Discreto sobre sua vida (dizia viver de mesada da família de empresários), afável, ganhou admiração e amizade dos enófilos de Los Angeles —produtores de cinema, sommeliers, milionários donos de extravagantes adegas particulares.
De ávido consumidor passou também a vender raridades aos amigos e em leilões —em 2006, vendeu US$ 24,7 milhões (R$ 136 milhões) em vinhos em um único evento.
Acontece que —como bem esmiuçado no documentário “Sour Grapes”, disponível no Amazon Prime— o pródigo sibarita vacilou ao colocar, num leilão em Nova York em abril de 2008, 22 lotes de vinhos Clos de la Roche e Clos St. Denis, do produtor francês Domaine Ponsot.
Alertado, o proprietário avisou ao leiloeiro que, entre as velhas safras oferecidas, havia algumas em que estes vinhos não foram produzidos. Fora discrepâncias nos rótulos e cápsulas.
Já o bilionário colecionador Bill Koch, suspeitando de garrafas que comprara, contratou detetives para investigar. O FBI saiu no seu encalço.

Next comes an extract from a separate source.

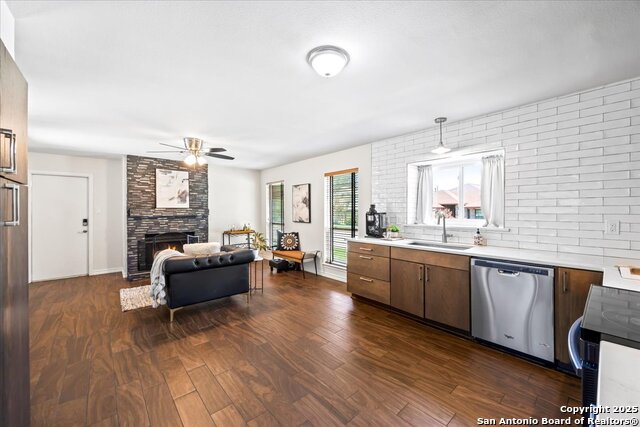 Image 11 of 43 For 10133 Sandyglen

Tudo na vida dele era inconsistente —seu nome (o verdadeiro é Zhen Wang Huang); sua permanência no país (ilegal); e sua família, que longe de prósperos empresários, era ligada ao maior roubo a banco da Indonésia.

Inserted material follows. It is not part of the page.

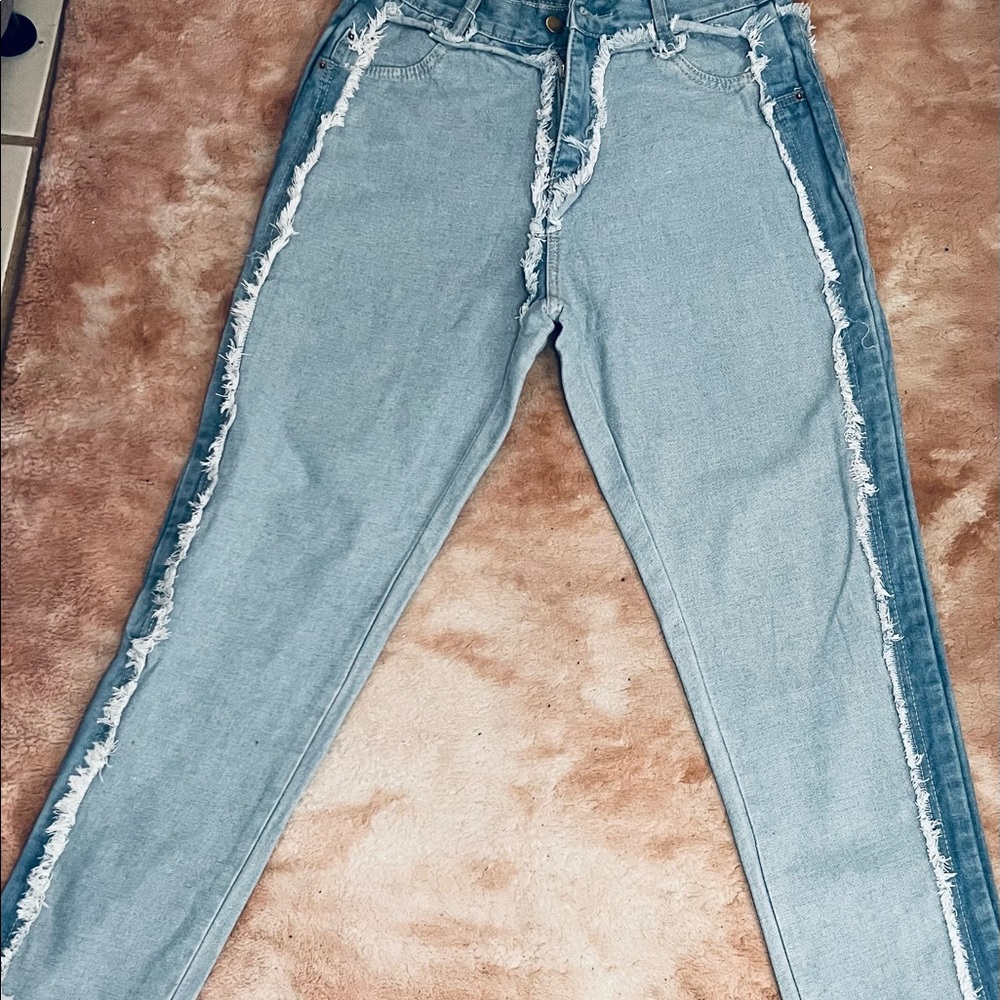 Size Small Pants  2-toned pants w/ fringe on both sides . Streetwear.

Em março de 2012 o FBI o prendeu encontrou em sua casa uma pequena fábrica de falsificação de vinhos, com centenas de garrafas antigas (vazias), aparelhos para retirar e recolocar rolhas, 18 mil rótulos, cola...
E anotações com fórmulas para produzir vinhos falsos. Seu paladar era tão afiado que ele fazia mesclas cujo sabor era convincente.
Por exemplo, para uma cópia do francês Château Mouton Rothschild 1945 (safra soberba de Bordeaux, e histórica, por ser a primeira após a ocupação nazista), a receita era: “meia garrafa Pichon 1988, um quarto de Cabernet do Napa e um quarto de garrafa Bordeaux oxidado”.
Em resumo, um bom vinho de boa safra e não tão jovem, da mesma região; outro da mesma uva e mais vigor (do californiano vale do Napa); e, para um toque de antiguidade, uma pitada de outro da região do Mouton, mas já oxidado (passado).
Suas habilidades lembravam as de falsificadores de arte capazes de pintar um Van Gogh tão convincente que somente grandes especialistas conseguem desmascarar.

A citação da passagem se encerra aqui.